The mechanism of the fluorescence quenching and recovering process were studied by DLS and zeta-potential for this system (Figure S10). The average hydrodynamic size of C3N4 nanoribbons increased from 230 to 1523 nm in the presence of Cu2+ along with fluorescence quenching. A change of the zeta-potential from −20.6 mV to −10.4 mV was observed after the C3N4 nanoribbons interacted with Cu2+. This result indicates that a non-fluorescent complex (Cu2+-C3N4 nanoribbon) was formed [50]. With the addition of C6H5O73−, the hydrodynamic size decreased because of the chelation between Cu2+ and C6H5O73−, indicating the release of Cu2+ from C3N4 nanoribbons and resulting in the restoration of the fluorescence of C3N4 nanoribbons [18,19,40]. In order to rule out the effect of nonspecific binding, the PL intensity of the C3N4 nanoribbons was monitored after the addition of different anion solutions. The result shows that, except for OH−, the other anions did not dramatically affect the PL intensity of the C3N4 nanoribbons (Figure S11).
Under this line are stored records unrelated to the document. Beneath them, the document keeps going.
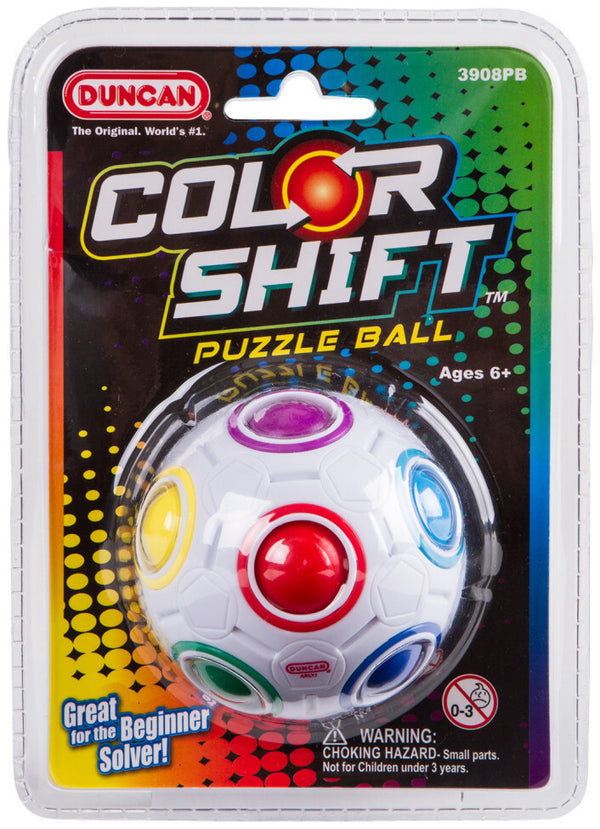 Color Shift Puzzle Ball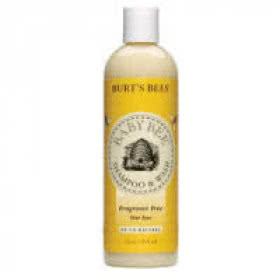 Burt's Bees Baby Bee Fragrance Free Shampoo & Wash sd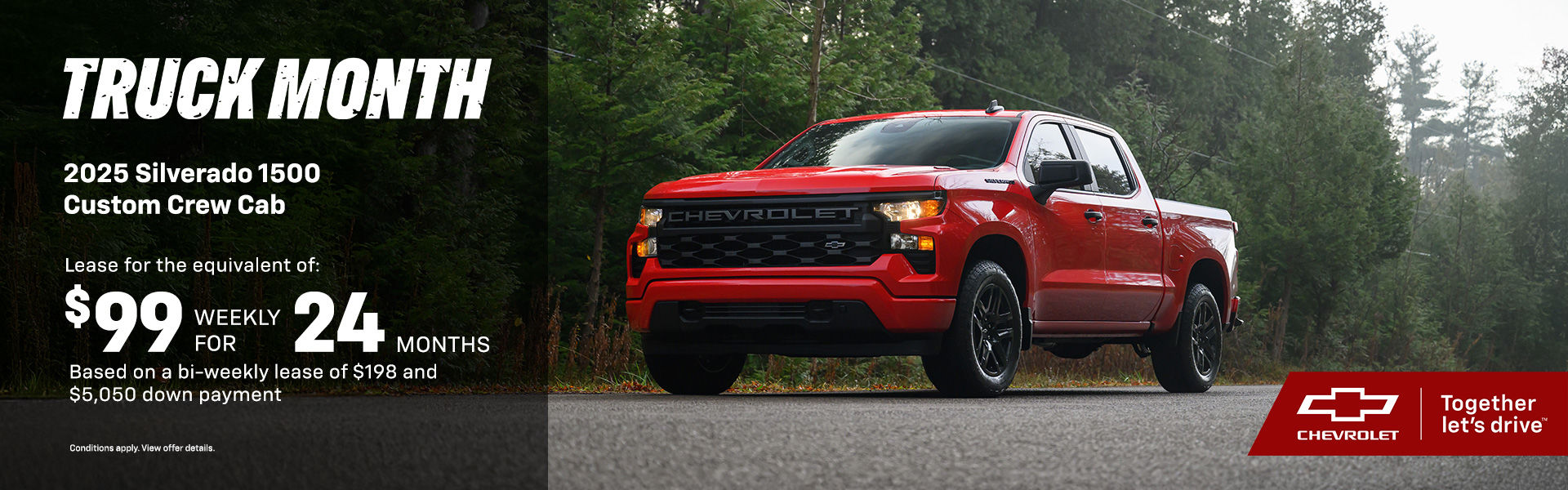 CHEV - Silverado Lease (SI-AT)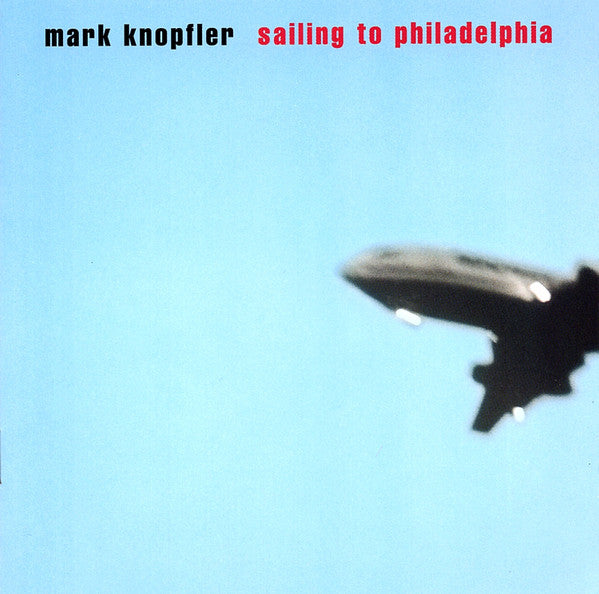 Sailing to Philadelphia — Aubrey Haynie/Mark Knopfler front cover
3.4. Intracellular Imaging of C6H5O73−

For further biological applications, the cytotoxicity of the C3N4 nanoribbons and Cu2+-C3N4 nanoribbon complex to HeLa cells was assessed through MTT assays. As shown in Figure S12, the viability of HeLa cells showed no obvious change after incubation with the C3N4 nanoribbons or Cu2+-C3N4 nanoribbon complex for 24 h, indicating their good biocompatibility. Since the Cu2+-C3N4 nanoribbon complex showed a highly selective and sensitive response towards C6H5O73−, this novel fluorescent “off-on” probe based on C3N4 nanoribbons might be potentially applied for the intracellular detection of C6H5O73−. As shown in Figure 4, bright blue fluorescence was observed in C6H5O73−-overloaded HeLa cells incubated with the Cu2+-C3N4 nanoribbon complex, whereas no fluorescence was detected in the control HeLa cells incubated with the Cu2+-C3N4 nanoribbon complex. Besides, Z-scan fluorescent images of living HeLa cells further confirmed that the Cu2+-C3N4 nanoribbon-based probe can be taken up by the cells (Figure S9d). These results demonstrate that the Cu2+-C3N4 nanoribbon complex is membrane permeable and could be used as a fluorescent visualizer for the intracellular imaging of C6H5O73−.

Figure 4

(a) Bright field and (b) fluorescent images of HeLa cells incubated with the Cu2+-C3N4 nanoribbon complex for 4 h. (c) Bright field and (d) fluorescent images of HeLa cells pretreated with C6H5O7Na3 (1 mM) for 12 h and then incubated with the Cu2+-C3N4 nanoribbon complex for 4 h.

4. Conclusions

In summary, a novel fluorescent “off-on” probe based on C3N4 nanoribbons was developed for C6H5O73− detection. The fluorescence of C3N4 nanoribbons can be quenched by Cu2+ and then recovered by the addition of C6H5O73−. The sensor using this fluorescent “off-on” probe showed a good detection linear range (1~400 μM) with a low detection limit (0.78 μM) as well as high selectivity in aqueous solutions. More importantly, this “off-on” probe based on C3N4 nanoribbons exhibited good biocompatibility and low cytotoxicity in cell environments and can be utilized for intracellular imaging of C6H5O73−.